Citizens for Responsibility and Ethics in Washington (CREW) Executive Director Melanie Sloan notes “Sen. Edwards’ conduct was despicable and deserves society’s condemnation, but that alone does not provide solid grounds for a criminal case. DOJ’s scattershot approach to prosecuting public officials is incomprehensible and undermines the integrity of the criminal justice system.”

The lead prosecution witness is Andrew Young (no, not this Andrew Young), and he has a lot of credibility issues. I believe Edwards will be found “not guilty.” If by some bizarre chance he is convicted, he’ll win on appeal.

George Zimmerman

After the initial procrastination, prosecutors decide to charge George Zimmerman with second-degree murder in the case of Trayvon Martin. They could have charged him with manslaughter or some other lesser charge. Because the Sanford, Florida police understood the law in a particular way on the night of the incident, the jury will never know, for instance, whether George Zimmerman had been drinking or on some other substance.
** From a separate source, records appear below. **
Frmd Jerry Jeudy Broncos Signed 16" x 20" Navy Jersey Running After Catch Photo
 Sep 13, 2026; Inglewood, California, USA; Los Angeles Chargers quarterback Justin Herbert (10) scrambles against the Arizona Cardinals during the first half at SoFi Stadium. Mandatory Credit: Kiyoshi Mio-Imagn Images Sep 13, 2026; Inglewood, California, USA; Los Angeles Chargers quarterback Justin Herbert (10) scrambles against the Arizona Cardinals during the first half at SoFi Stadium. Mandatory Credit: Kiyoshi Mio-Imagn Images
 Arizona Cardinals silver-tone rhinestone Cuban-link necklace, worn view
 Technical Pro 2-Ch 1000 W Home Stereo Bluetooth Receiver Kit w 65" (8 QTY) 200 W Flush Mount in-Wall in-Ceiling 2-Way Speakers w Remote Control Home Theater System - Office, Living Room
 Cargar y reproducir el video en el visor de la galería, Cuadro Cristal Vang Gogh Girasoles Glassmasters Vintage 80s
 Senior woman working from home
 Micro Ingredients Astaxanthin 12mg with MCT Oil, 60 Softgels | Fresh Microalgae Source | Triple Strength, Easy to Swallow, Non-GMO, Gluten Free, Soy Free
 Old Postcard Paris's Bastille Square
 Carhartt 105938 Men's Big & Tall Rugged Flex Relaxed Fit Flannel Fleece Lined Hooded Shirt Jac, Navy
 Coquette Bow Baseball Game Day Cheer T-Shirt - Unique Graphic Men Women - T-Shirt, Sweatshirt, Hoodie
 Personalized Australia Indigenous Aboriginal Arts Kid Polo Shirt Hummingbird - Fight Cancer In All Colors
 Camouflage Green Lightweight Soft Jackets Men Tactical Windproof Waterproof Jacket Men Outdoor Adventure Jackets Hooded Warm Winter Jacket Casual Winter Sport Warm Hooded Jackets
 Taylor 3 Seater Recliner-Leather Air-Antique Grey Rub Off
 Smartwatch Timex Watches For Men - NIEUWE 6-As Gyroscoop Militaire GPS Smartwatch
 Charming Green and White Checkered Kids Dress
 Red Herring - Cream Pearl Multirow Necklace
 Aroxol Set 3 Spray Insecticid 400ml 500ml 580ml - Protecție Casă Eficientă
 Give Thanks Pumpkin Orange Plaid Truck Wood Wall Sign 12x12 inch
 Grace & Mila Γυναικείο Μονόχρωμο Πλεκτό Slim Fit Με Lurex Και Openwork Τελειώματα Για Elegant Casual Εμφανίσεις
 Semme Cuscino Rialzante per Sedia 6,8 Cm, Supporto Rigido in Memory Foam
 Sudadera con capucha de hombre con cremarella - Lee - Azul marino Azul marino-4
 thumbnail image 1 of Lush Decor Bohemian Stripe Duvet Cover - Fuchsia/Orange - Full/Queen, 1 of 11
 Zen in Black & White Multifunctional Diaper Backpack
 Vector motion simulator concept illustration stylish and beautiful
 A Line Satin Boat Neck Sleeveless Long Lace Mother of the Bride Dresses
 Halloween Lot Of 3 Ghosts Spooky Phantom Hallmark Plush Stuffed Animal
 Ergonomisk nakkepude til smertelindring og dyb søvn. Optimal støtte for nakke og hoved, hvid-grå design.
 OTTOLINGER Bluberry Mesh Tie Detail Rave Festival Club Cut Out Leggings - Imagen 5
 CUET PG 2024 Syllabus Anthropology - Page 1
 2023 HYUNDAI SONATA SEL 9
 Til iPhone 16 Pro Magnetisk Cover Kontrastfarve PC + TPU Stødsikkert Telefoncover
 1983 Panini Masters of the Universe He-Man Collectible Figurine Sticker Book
Absent new evidence, I think Zimmerman will be found “not guilty.”

Lehman Brothers

From the Los Angeles Times: “Less than a year before the 2008 collapse of Lehman Bros. plunged the global economy into a terrifying free fall, the Wall Street firm awarded nearly $700 million to 50 of its highest-paid employees… The documents, which were among the millions of pages submitted in Lehman’s bankruptcy, show the list of top earners each were pledged $8 million to $51 million in cash, stock, and other compensation. How much, if any, of the stock was cashed in before the bankruptcy wiped out its value couldn’t be determined. Still, the rich pay packages for so many people raised eyebrows even among compensation experts and provided fresh evidence of the money-driven Wall Street culture that was blamed for triggering the financial crisis.”

Now, why haven’t there been indictments in THIS situation? If you saw the CBS News program 60 Minutes on April 22, you have a pretty good idea. “Steve Kroft talks to the bank examiner whose investigation reveals the how and why of the spectacular financial collapse.” We discover that the Securities and Exchange Commission had staff IN the Lehman offices MONTHS before the disaster and apparently didn’t recognize what was going on. Perhaps this makes the case more difficult to prosecute. Will ANYONE from Lehman Brothers be indicted? Maybe, for show. Will anyone be convicted? I’m not holding my breath.